El corazón de la ciudad, Veratsnoud Square, reúne los edificios más importantes de Artsakh, el Parlamento y la Sede Presidencial, y está rodeada de bellos parques, aunque conforme te alejas del centro abundan las edificaciones más modestas, engalanadas con los tendales en los que se dispone la ropa en perfecta formación. Pero, para nosotros, el corazón de Nagorno Karabakh siempre estará en la casa de Nelly, que nos acogió durante los días que estuvimos en aquella república que se empeñaba en desafiar la dictadura de los mapas.

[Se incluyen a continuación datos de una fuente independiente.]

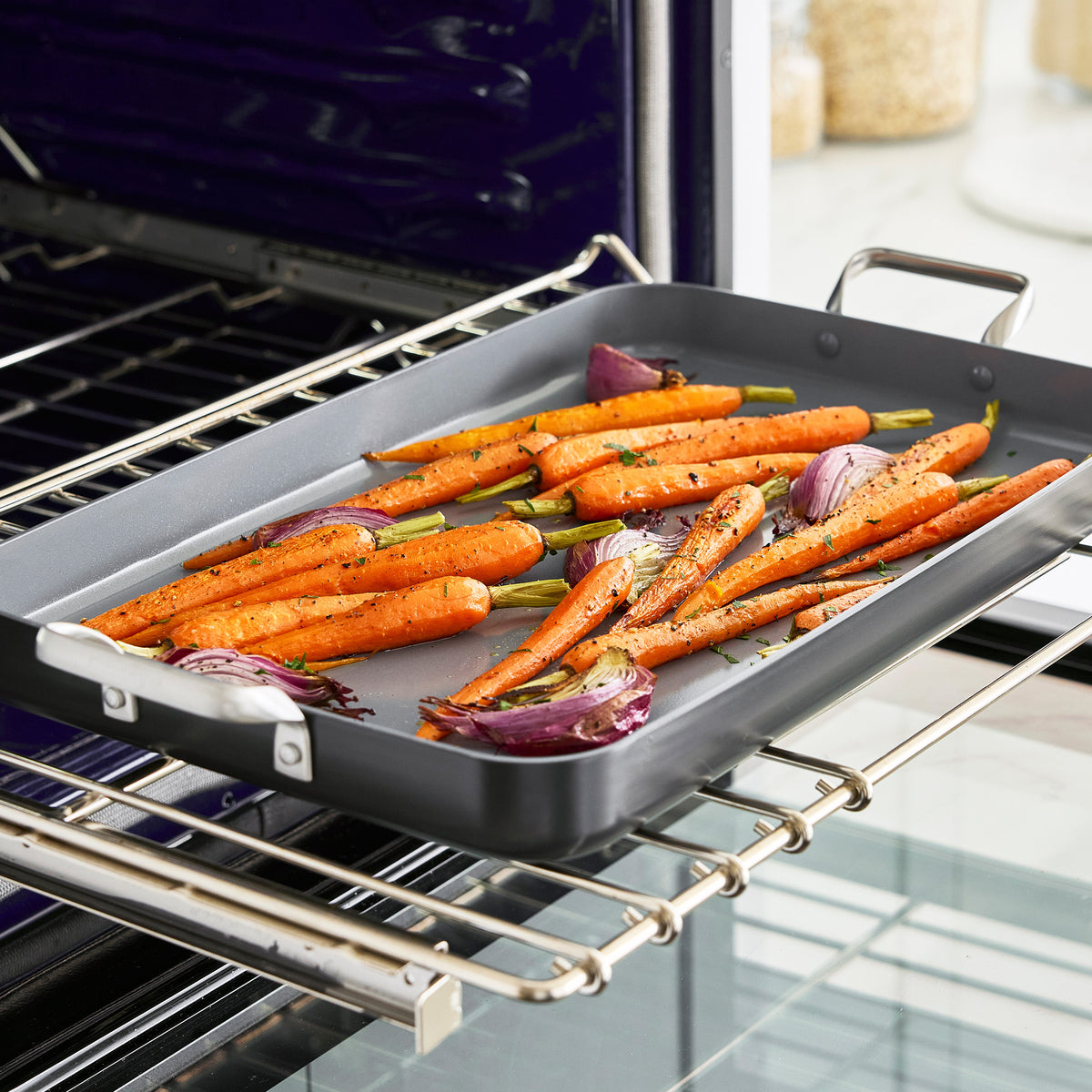 Valencia Pro Ceramic Nonstick 18 x 11 Double Burner Griddle - Image 4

Aquel oasis en medio del Cáucaso sería nuestro punto de anclaje a esa tierra, desde donde nos irían narrando los bombardeos, las evacuaciones a Ereván, la acogida de refugiados de Shushi, el bloqueo del paso de Lachin, las cartillas de racionamiento… Pero entonces nada de esto había pasado todavía, y Nelly nos abría las puertas de su casa, mientras nos sonreía tímidamente con los ojos, con el sol dibujando un tapiz de sombras chinescas bajo la parra. Y Anna, que brillaba más que el sol, su hija, que se convertiría en nuestra confidente, guía, e introductora en los misterios de Artsakh, nos esperaba en el jardín, con un té a modo de bienvenida. Ahora Nelly y Anna son parte de nuestra familia armenia.

Entonces Anna, en un inglés fluido, nos presentó a una joven malaya, a quién el catalán ya conocía, sorprendentemente, de Ereván, y nos dio una breve introducción a la historia y a la cultura de Nagorno Karabakh, de la que estaba orgullosa de formar parte. Nos habló de los monasterios, de las fortalezas, de los valles y montañas de aquella parte de tierra armenia, que nos mostraría en los días siguientes, esa tierra que no tardaría en ser invadida por el ejército azerí, con la ayuda de sus aliados turcos e incluso de mercenarios sirios, que reducirían a una cuarta parte aquella República de Artsakh que conocimos entonces, y que se sumaría a ese mapa emocional de nuestro imaginario, tan real como el que pueden mostrar en cualquier facultad de geografía.